Partiamo e possiamo pure finire con la title track che in circa 90 secondi ci fa capire cosa si deve fare per dare una parvenza di credibilità alla musica di questi anni. Sono 90 secondi sparati a cannone in un recinto insieme ad un maiale che dicono: benvenuto, accomodati pure. Se ci riesci a stare comodo, perché la testa, il culo, le gambe, involontariamente si muovono e fanno godere tutto il corpo.
Ma noi restiamo comodi quel che basta per capire che la cosa bella di questi 4 giovani carini e bene educati è che non sono niente di più che aria fresca. Ma mica la banale aria fresca autunnale, tipo quella che presentava in tv nuovi comici toscani a metà anni 90, più un’aria fresca ristoratrice. che rigenera, dopo quella calura mista ad afa appiccicosa e che ti solleva accarezzandoti il sudore estivo.
Meno Panariello, più Louis C.K. insomma. Ecco, a me questi nuovi giovinetti della IPECAC di quel volpone di Mike Patton, mi fanno quest’effetto: una brezza piacevole in una giornata schifosamente fastidiosa. E sono sicuro che sia stato lo stesso per Henry Rollins e soprattutto per Jon Spencer, padri putativi dei quattro: aria fresca.

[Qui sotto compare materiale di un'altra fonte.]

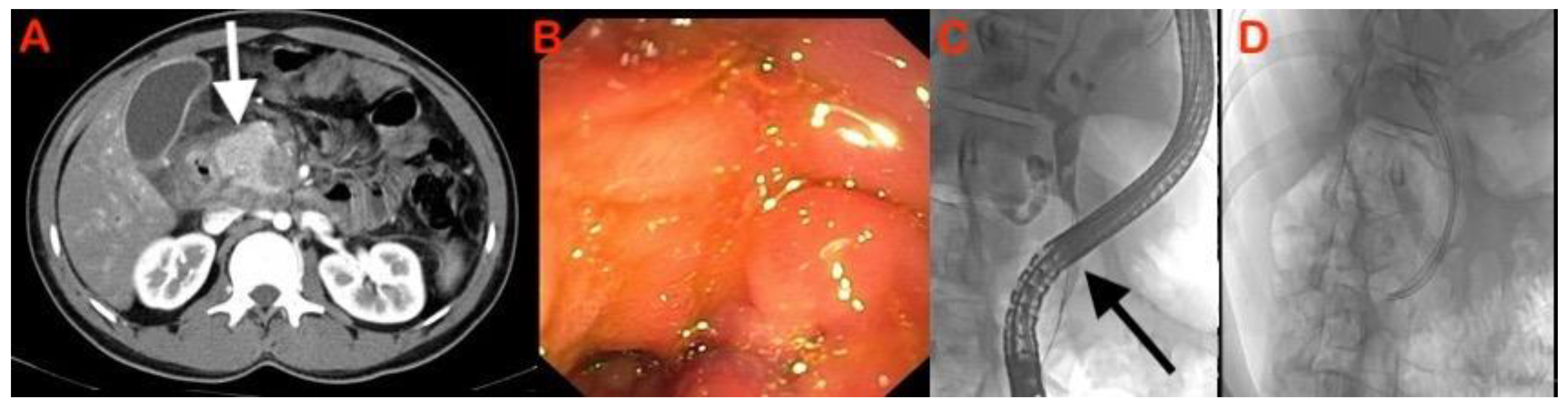 Diagnostics 13 01797 g005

Aria fresca e malattia mentale. In alcuni passaggi del disco, ancor più nei testi, è presente sottopelle quel disagio mentale di cui la cantante ha sofferto a causa soprattutto dell’abuso da alcool, di cui fortunatamente si è liberata. Ma quella lieve schizofrenia, che si trova nel suono che la band da sempre si porta dietro ma soprattutto in questo disco, viene fuori e aiuta a comprendere la bellezza di quanto prodotto da Vance Powell. Aria fresca rigeneratrice all’uscita di un istituto mentale. E allora metti Boss Hog, Karen O, Darby Crash, Miss Ratched e mischia tutto. Spolvera con una spruzzata di garage americano anni ‘90, et voilà! Eccoli qua.
Basso suonato alto e potente, strumento principe dell’album. Chitarre dritte, sposate a meraviglia con le liriche e la voce di Sam Quartin. Cassa, rullante e 4/4 senza che ci sia un domani. Tutto molto semplice, tutto molto bello. Facile album dell’anno.